- [What is being asked]:
Print the whole listing again exactly as it stands, leaving out any images.

- [Available data]:

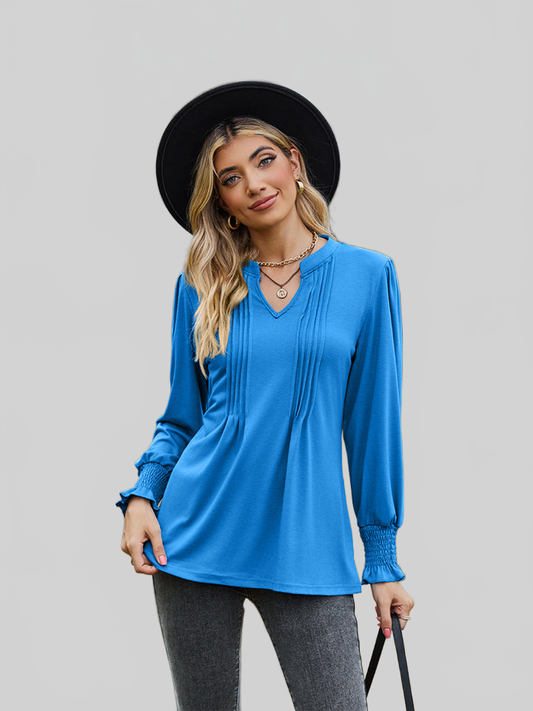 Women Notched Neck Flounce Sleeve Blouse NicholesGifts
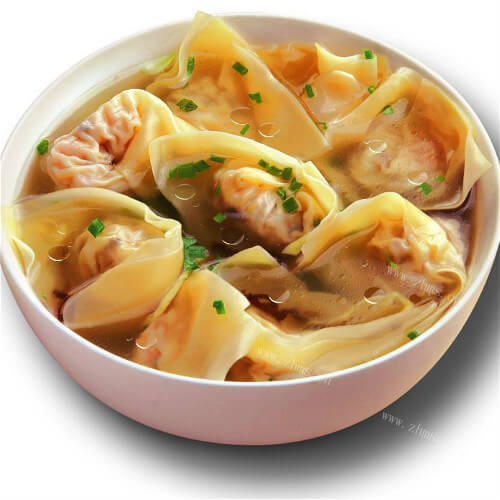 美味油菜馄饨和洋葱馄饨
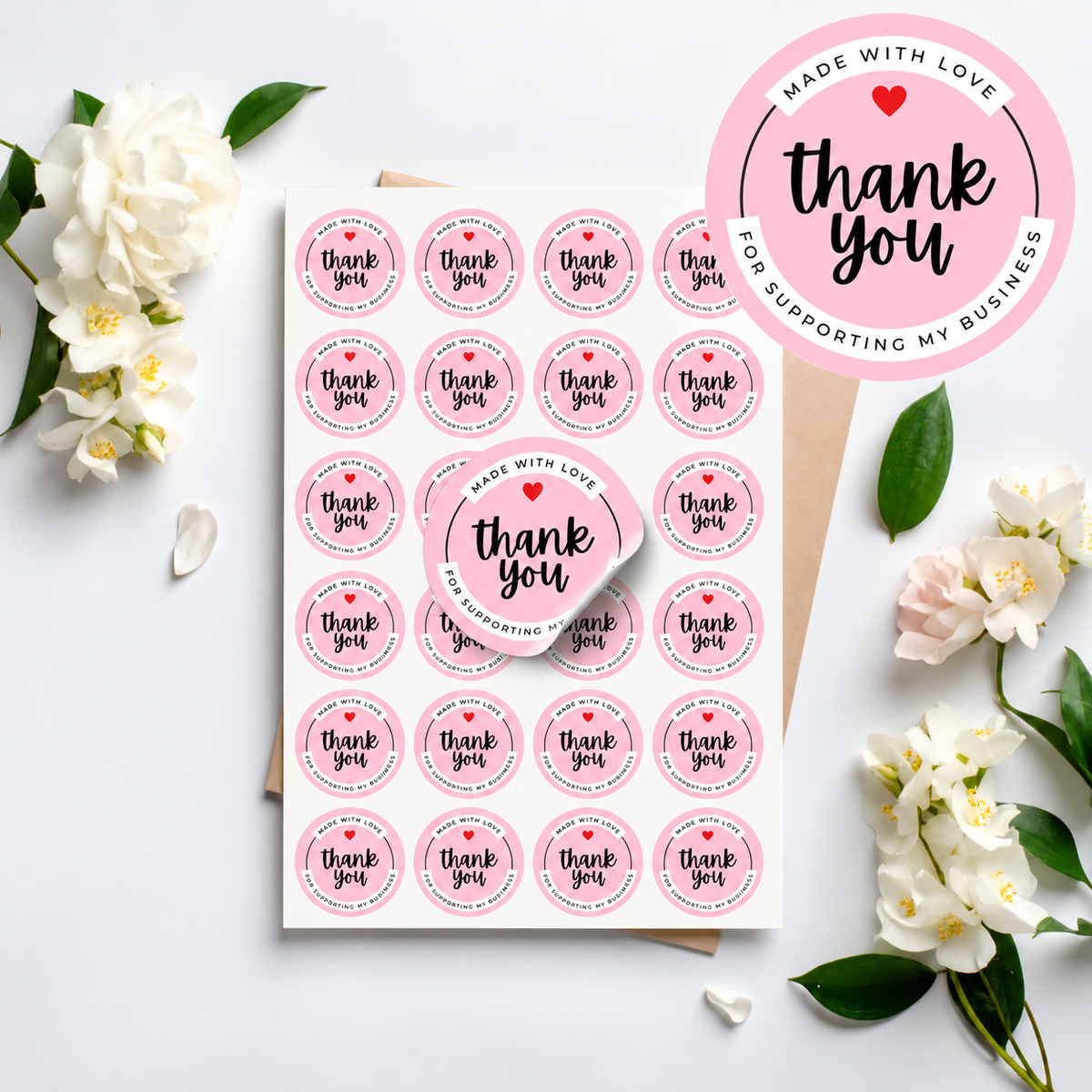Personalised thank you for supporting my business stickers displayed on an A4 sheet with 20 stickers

- [Written response]:
 Women Notched Neck Flounce Sleeve Blouse NicholesGifts
 美味油菜馄饨和洋葱馄饨
Personalised thank you for supporting my business stickers displayed on an A4 sheet with 20 stickers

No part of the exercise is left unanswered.